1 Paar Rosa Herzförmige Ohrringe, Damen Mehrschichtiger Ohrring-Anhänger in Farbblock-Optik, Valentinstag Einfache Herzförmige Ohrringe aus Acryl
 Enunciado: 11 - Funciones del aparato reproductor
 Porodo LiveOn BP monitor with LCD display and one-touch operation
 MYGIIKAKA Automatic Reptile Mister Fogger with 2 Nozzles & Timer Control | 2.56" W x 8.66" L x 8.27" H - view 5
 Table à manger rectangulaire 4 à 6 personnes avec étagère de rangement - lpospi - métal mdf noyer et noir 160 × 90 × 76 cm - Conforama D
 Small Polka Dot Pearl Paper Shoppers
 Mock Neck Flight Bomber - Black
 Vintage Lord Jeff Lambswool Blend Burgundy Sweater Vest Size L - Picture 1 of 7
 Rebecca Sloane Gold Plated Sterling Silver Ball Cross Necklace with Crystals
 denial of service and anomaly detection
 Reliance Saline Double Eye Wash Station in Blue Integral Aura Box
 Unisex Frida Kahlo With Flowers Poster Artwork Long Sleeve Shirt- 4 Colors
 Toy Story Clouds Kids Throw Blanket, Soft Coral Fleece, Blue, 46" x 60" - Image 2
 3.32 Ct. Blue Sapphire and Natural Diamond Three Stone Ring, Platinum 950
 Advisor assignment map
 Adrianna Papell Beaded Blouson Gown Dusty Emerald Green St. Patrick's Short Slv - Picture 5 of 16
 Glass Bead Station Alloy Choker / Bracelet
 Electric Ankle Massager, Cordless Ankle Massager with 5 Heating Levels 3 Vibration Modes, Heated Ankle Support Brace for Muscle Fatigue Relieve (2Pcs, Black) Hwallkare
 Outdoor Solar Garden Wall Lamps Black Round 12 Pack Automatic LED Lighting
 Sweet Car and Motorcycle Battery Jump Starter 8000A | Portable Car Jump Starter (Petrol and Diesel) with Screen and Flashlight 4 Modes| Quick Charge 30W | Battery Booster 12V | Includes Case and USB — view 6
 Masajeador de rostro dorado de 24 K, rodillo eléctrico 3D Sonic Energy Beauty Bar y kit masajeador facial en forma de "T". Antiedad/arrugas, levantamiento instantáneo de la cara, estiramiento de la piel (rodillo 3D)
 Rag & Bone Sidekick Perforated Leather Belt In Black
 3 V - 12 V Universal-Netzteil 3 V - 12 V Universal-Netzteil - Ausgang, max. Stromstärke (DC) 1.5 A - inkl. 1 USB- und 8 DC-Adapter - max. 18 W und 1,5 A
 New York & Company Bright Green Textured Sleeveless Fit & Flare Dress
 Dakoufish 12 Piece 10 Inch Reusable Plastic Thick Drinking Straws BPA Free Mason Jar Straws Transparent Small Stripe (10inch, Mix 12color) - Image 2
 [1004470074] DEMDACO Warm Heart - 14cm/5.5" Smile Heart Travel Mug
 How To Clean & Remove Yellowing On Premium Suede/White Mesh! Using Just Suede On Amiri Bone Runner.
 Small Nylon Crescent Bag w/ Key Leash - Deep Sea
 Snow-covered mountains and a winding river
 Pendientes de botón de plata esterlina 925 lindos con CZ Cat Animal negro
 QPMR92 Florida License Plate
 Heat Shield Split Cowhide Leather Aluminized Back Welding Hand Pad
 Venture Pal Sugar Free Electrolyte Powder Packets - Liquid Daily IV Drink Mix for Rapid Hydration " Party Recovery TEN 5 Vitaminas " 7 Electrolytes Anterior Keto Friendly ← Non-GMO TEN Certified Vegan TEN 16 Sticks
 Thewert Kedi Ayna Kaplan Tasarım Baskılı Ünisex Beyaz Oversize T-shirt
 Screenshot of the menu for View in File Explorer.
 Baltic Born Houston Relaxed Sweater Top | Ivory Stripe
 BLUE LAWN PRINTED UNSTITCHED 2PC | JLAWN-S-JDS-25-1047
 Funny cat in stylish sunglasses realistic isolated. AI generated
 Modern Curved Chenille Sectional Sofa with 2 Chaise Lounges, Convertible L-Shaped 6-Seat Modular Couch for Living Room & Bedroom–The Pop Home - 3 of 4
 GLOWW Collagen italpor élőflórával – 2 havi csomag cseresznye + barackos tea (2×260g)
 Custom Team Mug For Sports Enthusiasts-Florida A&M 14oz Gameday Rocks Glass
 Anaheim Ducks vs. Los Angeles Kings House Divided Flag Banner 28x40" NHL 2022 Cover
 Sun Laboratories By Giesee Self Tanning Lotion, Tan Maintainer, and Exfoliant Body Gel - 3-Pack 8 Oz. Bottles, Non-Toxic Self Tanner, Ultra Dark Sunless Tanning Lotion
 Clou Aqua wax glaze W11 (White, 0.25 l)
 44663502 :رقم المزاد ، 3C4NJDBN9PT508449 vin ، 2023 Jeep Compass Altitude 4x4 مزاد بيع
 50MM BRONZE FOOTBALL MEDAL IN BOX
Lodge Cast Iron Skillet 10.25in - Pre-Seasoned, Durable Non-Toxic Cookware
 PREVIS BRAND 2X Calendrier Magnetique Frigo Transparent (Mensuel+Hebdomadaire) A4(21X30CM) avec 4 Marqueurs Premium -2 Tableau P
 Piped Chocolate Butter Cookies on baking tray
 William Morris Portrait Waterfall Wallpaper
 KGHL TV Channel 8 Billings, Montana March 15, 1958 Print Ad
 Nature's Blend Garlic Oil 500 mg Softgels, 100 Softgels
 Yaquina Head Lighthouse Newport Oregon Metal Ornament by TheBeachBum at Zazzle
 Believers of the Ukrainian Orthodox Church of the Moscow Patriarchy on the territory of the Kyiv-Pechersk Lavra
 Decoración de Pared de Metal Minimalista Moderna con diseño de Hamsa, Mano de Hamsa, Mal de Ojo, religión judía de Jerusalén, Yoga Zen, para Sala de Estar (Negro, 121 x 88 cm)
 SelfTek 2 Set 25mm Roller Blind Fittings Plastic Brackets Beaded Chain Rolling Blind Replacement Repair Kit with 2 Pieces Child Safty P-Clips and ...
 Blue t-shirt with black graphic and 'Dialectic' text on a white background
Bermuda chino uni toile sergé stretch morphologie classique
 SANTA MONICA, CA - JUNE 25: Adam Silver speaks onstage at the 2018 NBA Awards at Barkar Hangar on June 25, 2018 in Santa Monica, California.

• • • •

Both the line containing "Vintage Lord Jeff" and the line containing "Electric Ankle Massager, Cordless" belong in the answer. Print them and every line above that falls between them exactly, and no others.

▶ **ANSWER SPACE**
 Vintage Lord Jeff Lambswool Blend Burgundy Sweater Vest Size L - Picture 1 of 7
 Rebecca Sloane Gold Plated Sterling Silver Ball Cross Necklace with Crystals
 denial of service and anomaly detection
 Reliance Saline Double Eye Wash Station in Blue Integral Aura Box
 Unisex Frida Kahlo With Flowers Poster Artwork Long Sleeve Shirt- 4 Colors
 Toy Story Clouds Kids Throw Blanket, Soft Coral Fleece, Blue, 46" x 60" - Image 2
 3.32 Ct. Blue Sapphire and Natural Diamond Three Stone Ring, Platinum 950
 Advisor assignment map
 Adrianna Papell Beaded Blouson Gown Dusty Emerald Green St. Patrick's Short Slv - Picture 5 of 16
 Glass Bead Station Alloy Choker / Bracelet
 Electric Ankle Massager, Cordless Ankle Massager with 5 Heating Levels 3 Vibration Modes, Heated Ankle Support Brace for Muscle Fatigue Relieve (2Pcs, Black) Hwallkare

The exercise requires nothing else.